ALTER SEQUENCE mysequence RESTART WITH 1;

So far so good. However, they are issues with this solution:

  • As stated earlier, we can have holes in the sequence. This shouldn't be a problem in most cases though.

  • We must own the sequence to alter it, so it can be an issue to reset it in a cronjob if you restricted what the database user used to run the site can do. That's what I describe here. If you don't apply this pattern or manage permissions differently for the sequence, it shouldn't be an issue.

  • If we launch the reset of the sequence in a transaction, calls to get the next values will block until the transaction ends. This shouldn't happen since we reset the sequence in a dedicated command from a cronjob at a time where the site doesn't have much traffic. And altering the sequence is immediate if PG can get a lock on it.
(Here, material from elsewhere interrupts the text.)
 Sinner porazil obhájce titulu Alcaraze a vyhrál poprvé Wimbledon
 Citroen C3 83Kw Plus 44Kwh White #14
  • We need a cronjob to reset the sequence. It looks like nothing, and something that can be easily achieved on all platform. So it looks like a small issue like the ones listed above. In fact, it can be a show stopper: the cronjob will never pass exactly at midnight. In all crontab implementations I've seen, you can plan at most at the minute level. And all platforms I've seen, try to launch it as close as possible of the scheduled time, but it can vary from a few seconds to a few minutes depending on the implementation. And the command itself will need to launch and actually reset the sequence, which will take a big of time. All this means we can be in the following situation:

    1. Ask for the next value in the sequence for the first time of a day at 00:00:01. We expect to get 1, but, since the sequence hasn't been reset yet, we get something else. Let's say 10.
    2. The sequence is reset at 00:00:05.
    3. The day goes one, and we get 10 again near 17:00:00. Now, we got the same sequence twice in the same day.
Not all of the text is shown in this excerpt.